Parmi les documents archéologiques, deux groupes sont à distinguer, d'une part les images de Cannstatt, d'autre part la peinture du cimetière de Prétextât.
La divinité, représentée par les statuettes de Cannstatt et désignée par le nom d'Herecura dans les inscriptions qui s'y trouvent gravées, est invoquée par ses fidèles comme la déesse qui leur procure les fruits du verger, correspondant ainsi à la Pomona de la vieille religion romaine. La peinture du cimetière de Prétextât nous montre dans Aeracura la souveraine du monde infernal, devant laquelle comparaissent, comme devant le dieu qui trône auprès d'elle, les mortels qui viennent de quitter la vie terrestre. Cette conception s'exprime dans les dédicaces communes à Herecura et à Dis Pater, qu'il est impossible de ne pas rapprocher des textes qui unissent les deux noms de Dis Pater et de Proserpine. [...]
Quoi qu'il en soit du sens et de la portée que l'on peut attribuer à ces inscriptions de l'Istrie, il n'en reste pas
moins établi par la peinture du cimetière de Prétextât et par l'association d'Aeracura avec Dis Pater dans quelques documents épigraphiques que notre déesse était tenue pour la souveraine du monde infernal. Et c'est suivant toute apparence à cette conception que répond le diadème porté par les deux statuettes d'Alésia et de Bavai. L'une et l'autre ne sont pas seulement les mieux venues, les plus finies, les plus artistiques parmi les images de notre déesse, elles traduisent en outre le double caractère d'Herecura, à la fois protectrice des vergers et reine des Enfers. Et peut-être la physionomie plutôt grave que juvénile donnée à la déesse dans ces deux figures s'explique-t-elle par ce second trait de sa physionomie.
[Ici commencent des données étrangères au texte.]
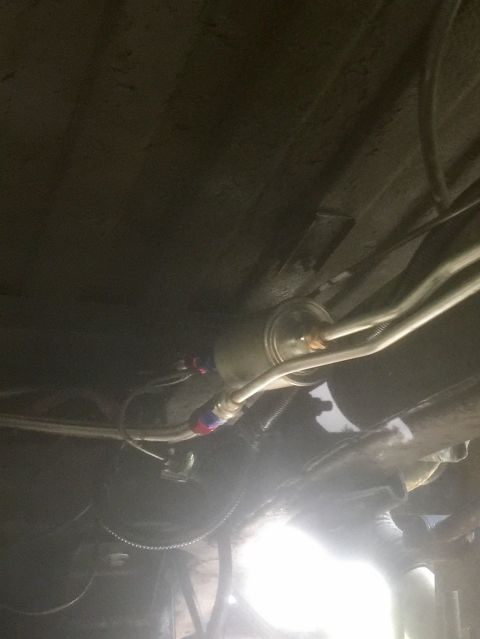 1974 Ford Bronco - Underneath view of a vehicle's fuel filter assembly, showing braided fuel lines connected to a cylindrical filter. The assembly is mounted…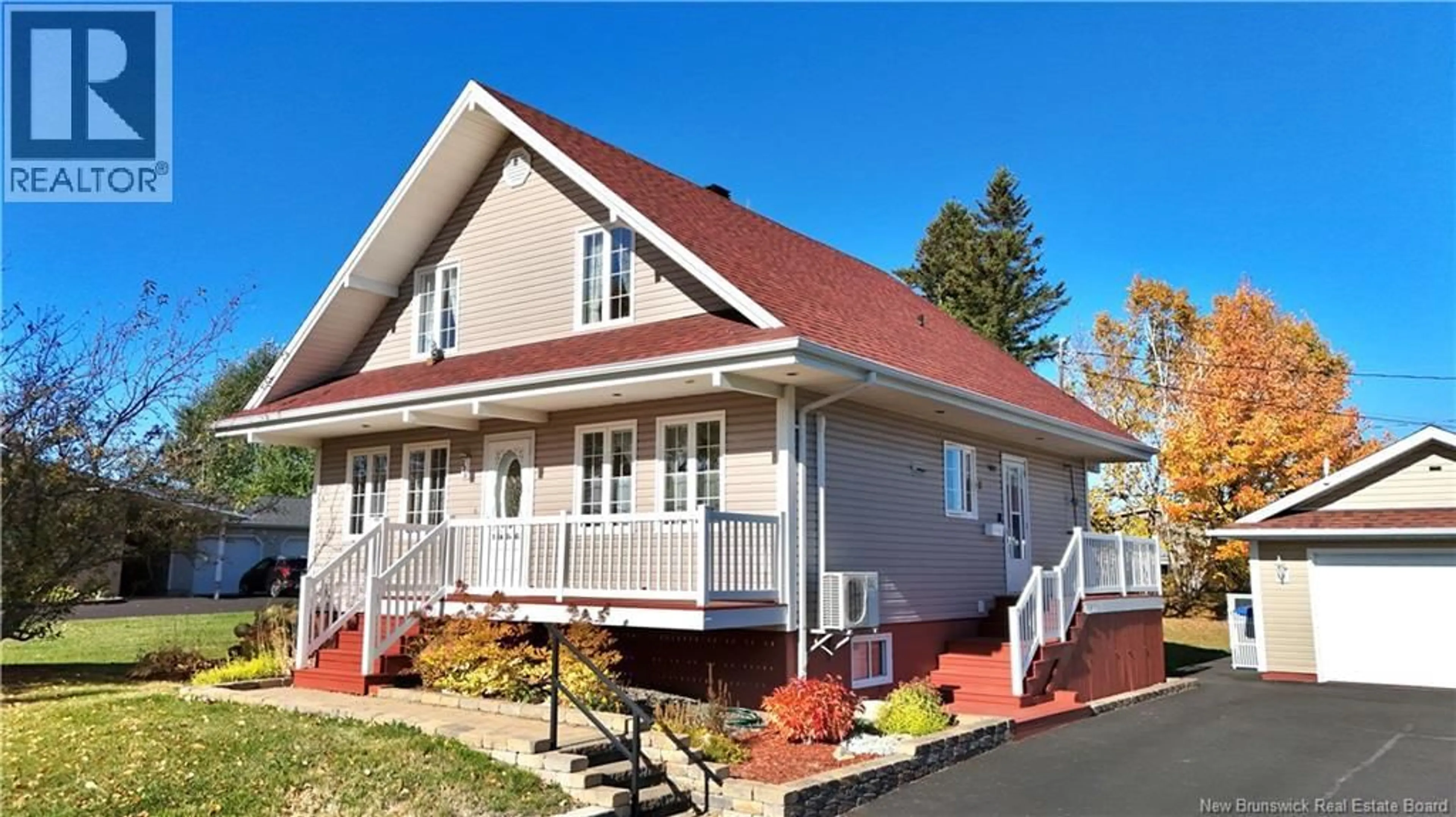 Home with vinyl exterior material, street for 220 FRANCINE, Beresford New Brunswick E8K1N8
« Reste un document qui paraît s'écarter un peu des textes précités. C'est une inscription taurobolique de Thibilis en Numidie, C. I. lat., Ν III, 5524. Elle est ainsi conçue : Terrae Matri Aere Curae Matri deum Magnae Ideae Popilia M. fil. Maxima taurobolium, aram posuit, movit, fecit. Aerecura se trouve ici assimilée à la grande déesse phrygienne, à la fois Terra Mater et Mater Deum, qui, d'après M. Fr. Cumont, « absorbait les morts dans son sein et les faisait participer à sa divinité ». Cependant, ni M. Fr. Cumont ni M. H. Graillot ne commentent ce texte. Il nous semble qu'ici Aerecura est moins la déesse des fruits que la déesse des morts. C'est la seule inscription où elle soit rapprochée de Cybèle, malgré le nombre considérable des documents épigraphiques qui nous renseignent sur le culte de la Grande Mère des Dieux. Elle s'ajoute, semble-t-il, aux documents où la déesse est associée à Dis Pater pour attester son caractère chtonien.
Que Herecura ait revêtu ce caractère, on ne saurait le contester, mais nous croyons qu'il est exagéré de voir en elle une déesse de la mort, la souveraine inexorable du monde souterrain, plutôt que la déesse bienfaisante de la fertilité. [...]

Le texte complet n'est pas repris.